#### What you are asked to do
Only the lines from the one containing "Perfume Paris Hilton" through the end of the entries should be returned, exactly as they are, with the pictures omitted.

#### Excerpted data

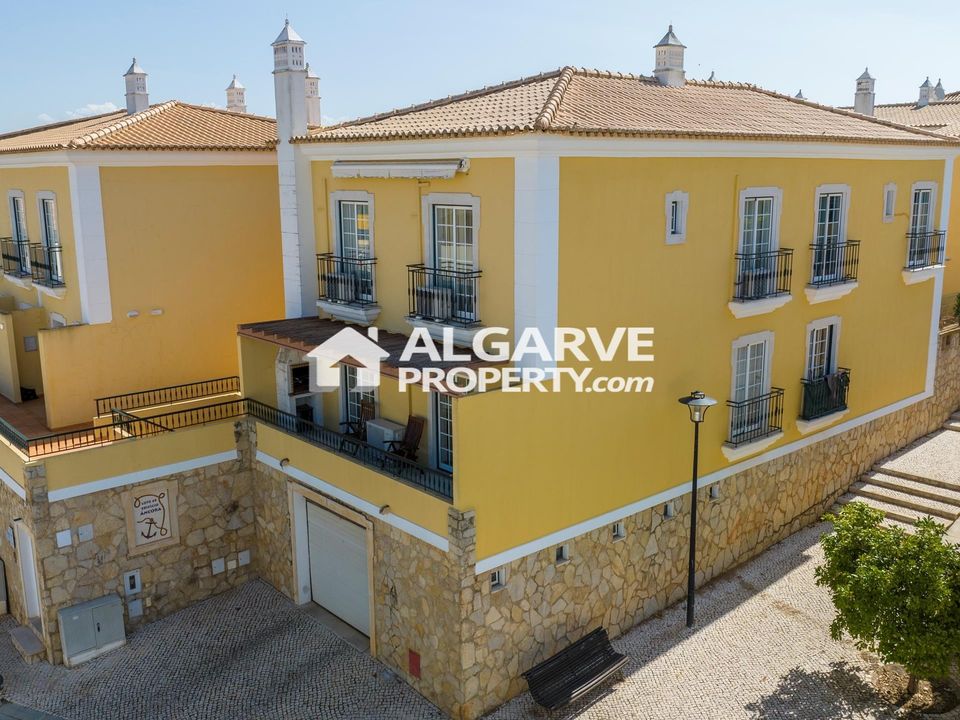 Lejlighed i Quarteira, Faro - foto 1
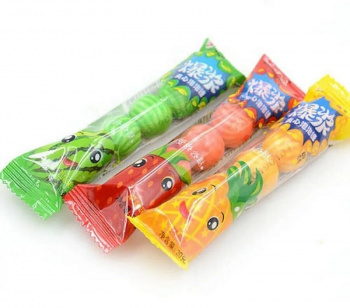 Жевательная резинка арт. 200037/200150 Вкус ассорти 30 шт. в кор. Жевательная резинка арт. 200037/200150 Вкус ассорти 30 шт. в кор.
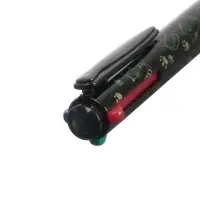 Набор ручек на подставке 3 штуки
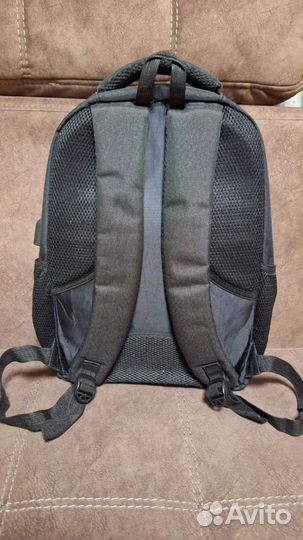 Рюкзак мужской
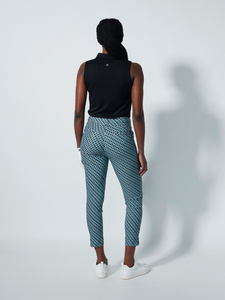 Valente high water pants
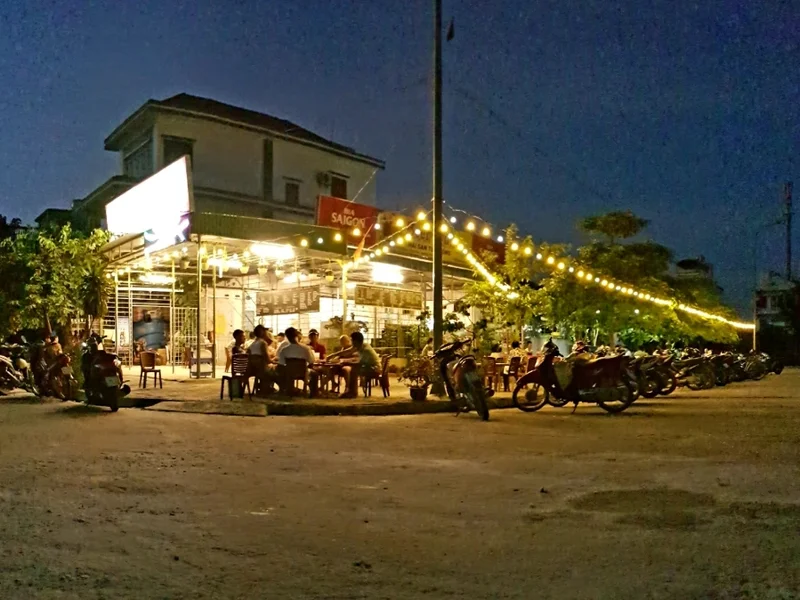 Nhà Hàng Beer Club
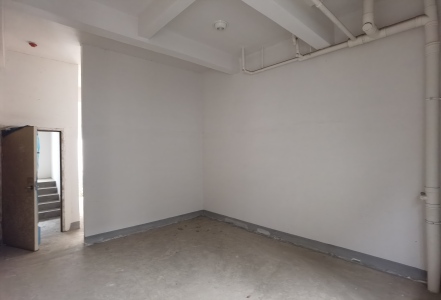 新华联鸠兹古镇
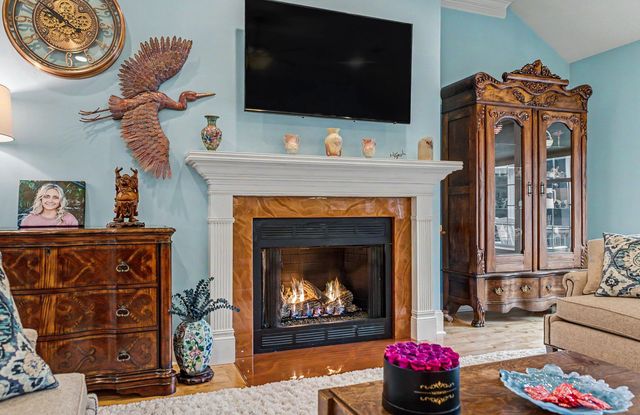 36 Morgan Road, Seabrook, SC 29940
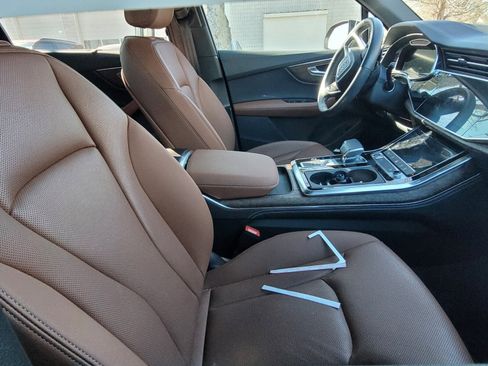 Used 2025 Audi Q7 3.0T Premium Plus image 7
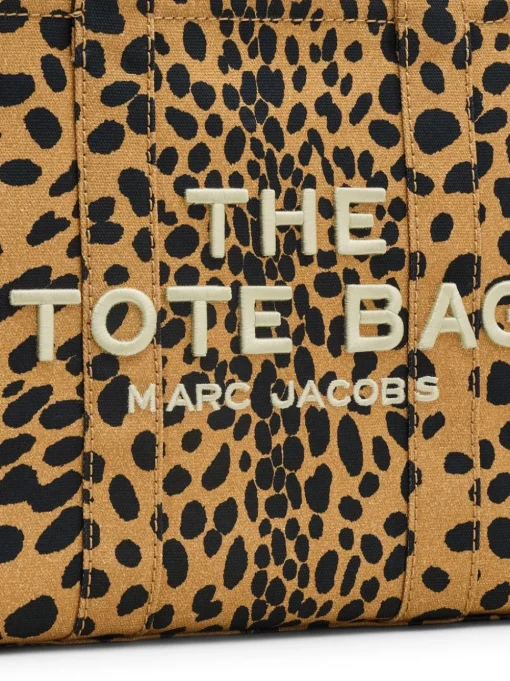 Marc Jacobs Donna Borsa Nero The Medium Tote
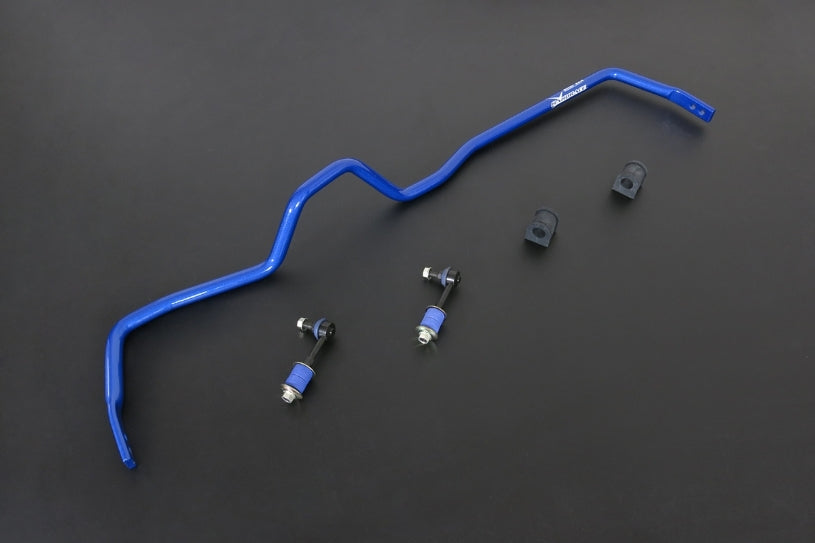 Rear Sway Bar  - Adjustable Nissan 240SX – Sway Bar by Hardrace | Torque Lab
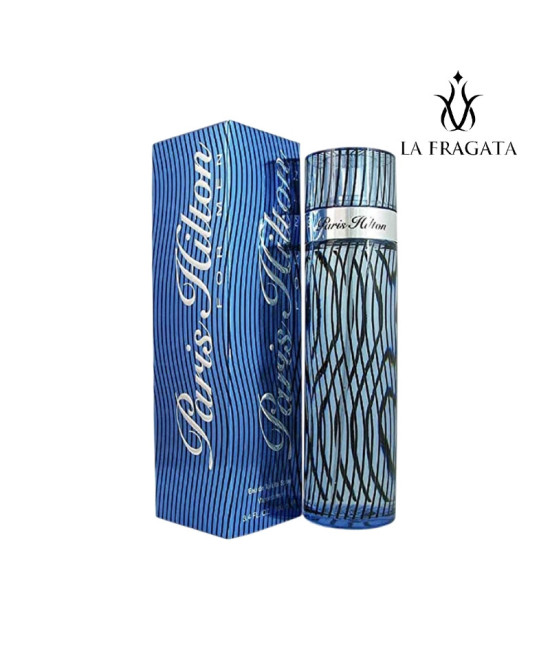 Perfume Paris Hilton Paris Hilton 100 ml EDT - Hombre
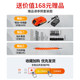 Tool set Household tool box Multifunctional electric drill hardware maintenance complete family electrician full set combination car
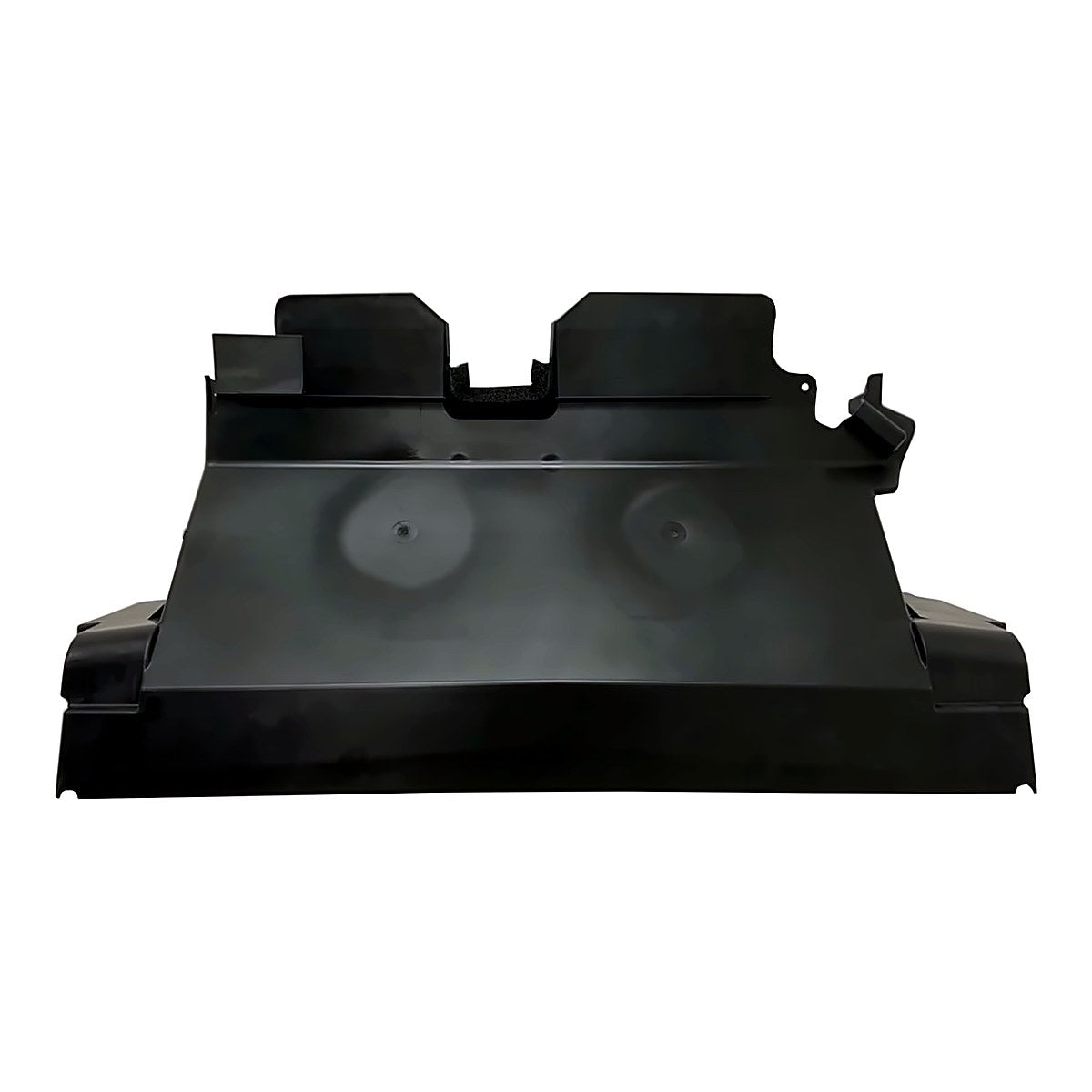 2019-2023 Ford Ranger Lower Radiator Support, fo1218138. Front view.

#### Written answer
 Perfume Paris Hilton Paris Hilton 100 ml EDT - Hombre
 Tool set Household tool box Multifunctional electric drill hardware maintenance complete family electrician full set combination car
 2019-2023 Ford Ranger Lower Radiator Support, fo1218138. Front view.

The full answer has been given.